Lowtech demo is a demo written for the Apple ][+/e by Wiz of Imphobia during 2020 and 2021. Just download the WOZ file (see releases) and run it in your favourite emulator (right now, Mame and AppleWin will read it and emulate it correctly).
Watch it on YouTube :
Run it on yourself : WOZ disk image
I take the opportunity to thank all people who gave me time and information when I was asking questions as well as all of those who gave away the tools they wrote. Without that generosity I would have taken years to make that demo (which, for all practical situations, means no demo at all).
You'll need a real floppy disk (memcard, emulators, etc. don't have proper timings), a MockingBoard (or compatible) and 64KB of memory. You can just prepare a regular floppy with the released DSK image, there's no fancy sector format. An Apple 2e seems the best fit (that's where the demo was tested anyway, twice).
Below are some explanations of how Lowtech works. It might be interesting for the curious reader.
The big scroll at the beginning of the demo is just an application of delta drawing : I just draw and erase the part of the images that need it. The whole point is to be clever about what parts.
Beyond that, the optimisation relies on the fact that the logo is made of tiles. So, it reduces to a few very simple components. The code is quite optimized in that each tile is pre-ROLed and code for drawing/clearing it is generated for each of them. So lots of code generation.
One may have done better by observing that tiles are often surrounded by the same set of other tiles. So you could maybe draw several tiles at once, reducing the number of index lookups in the tile table as well a JSR/RTS needed to call the tile drawing code.
The disk I/O routine is probably the part I'm most proud of because without it that demo would not have been possible, especially the 3D part.

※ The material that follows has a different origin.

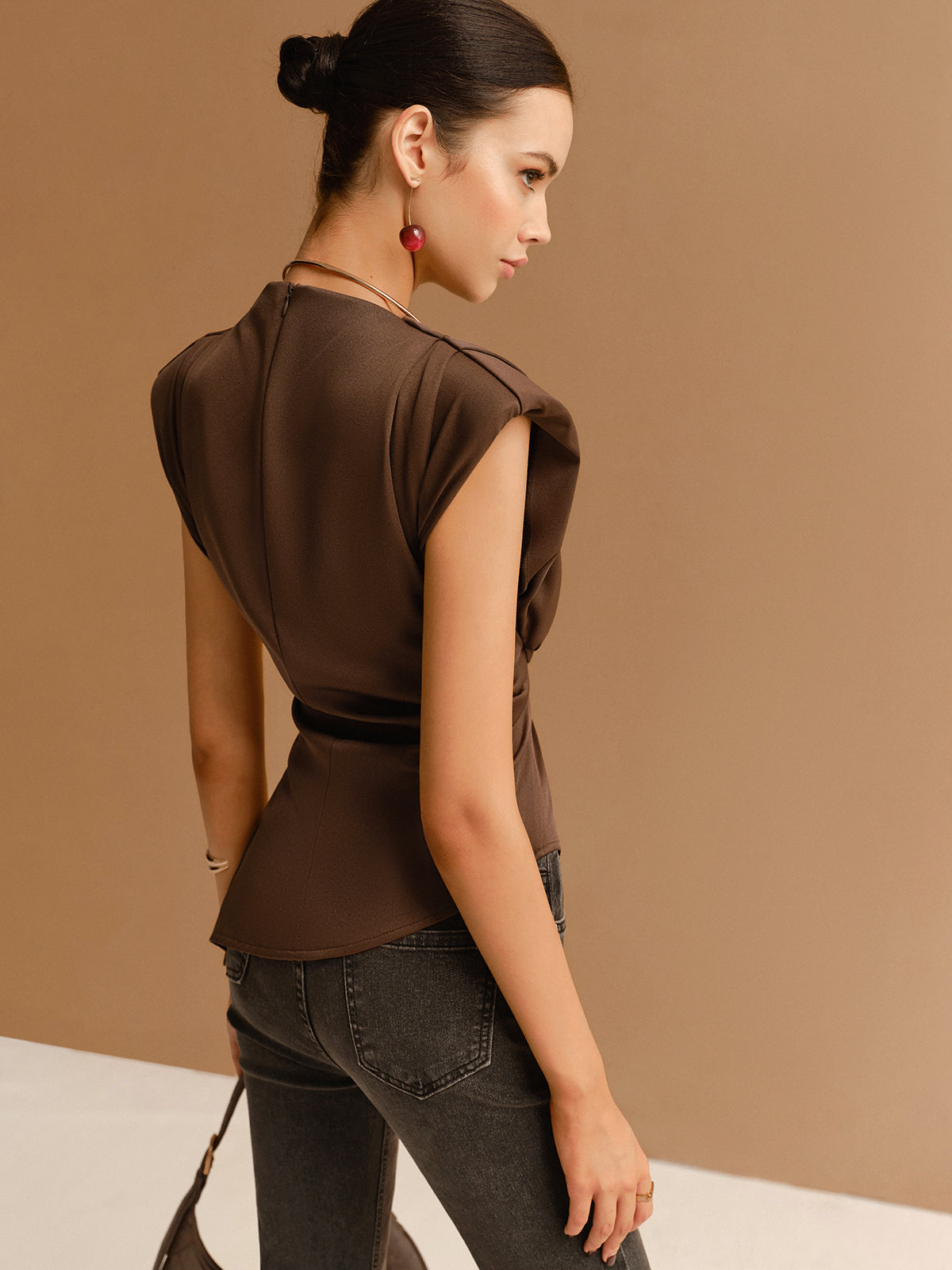 Kap Kol Asimetrik Etek Skinny T-Shirt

That routine allows the floppy disk to be read while music is playing. So the whole magic is to interleave music and disk I/O in a seamless way. That's very tricky to achieve and to this day I'm still not sure it is 100% optimized. As you may know, reading disk on the Apple ][ requires the CPU fulltime (because it reads nibble by nibble, so while you read, you can't draw, you can't play music, you certainly can't be interrupted by an IRQ). So the whole point is to make sure we start the reading when a sector is available and not too much before, else the CPU will spend time waiting for the sector to come below the read head.
Thanks to that disk I/O routine, I can load data while playing music and doing demo effects.
The sectors are read with a copy of RWTS code (thanks Apple :-)).
The 3D part is built upon something that has nothing to do with 3D, that is a disk I/O routine, see above.
Once we have a proper disk I/O, it is relatively easy to stream the 3D data out of the disk. The next step is to make sure we read the less possible so we can spend time drawing instead of streaming.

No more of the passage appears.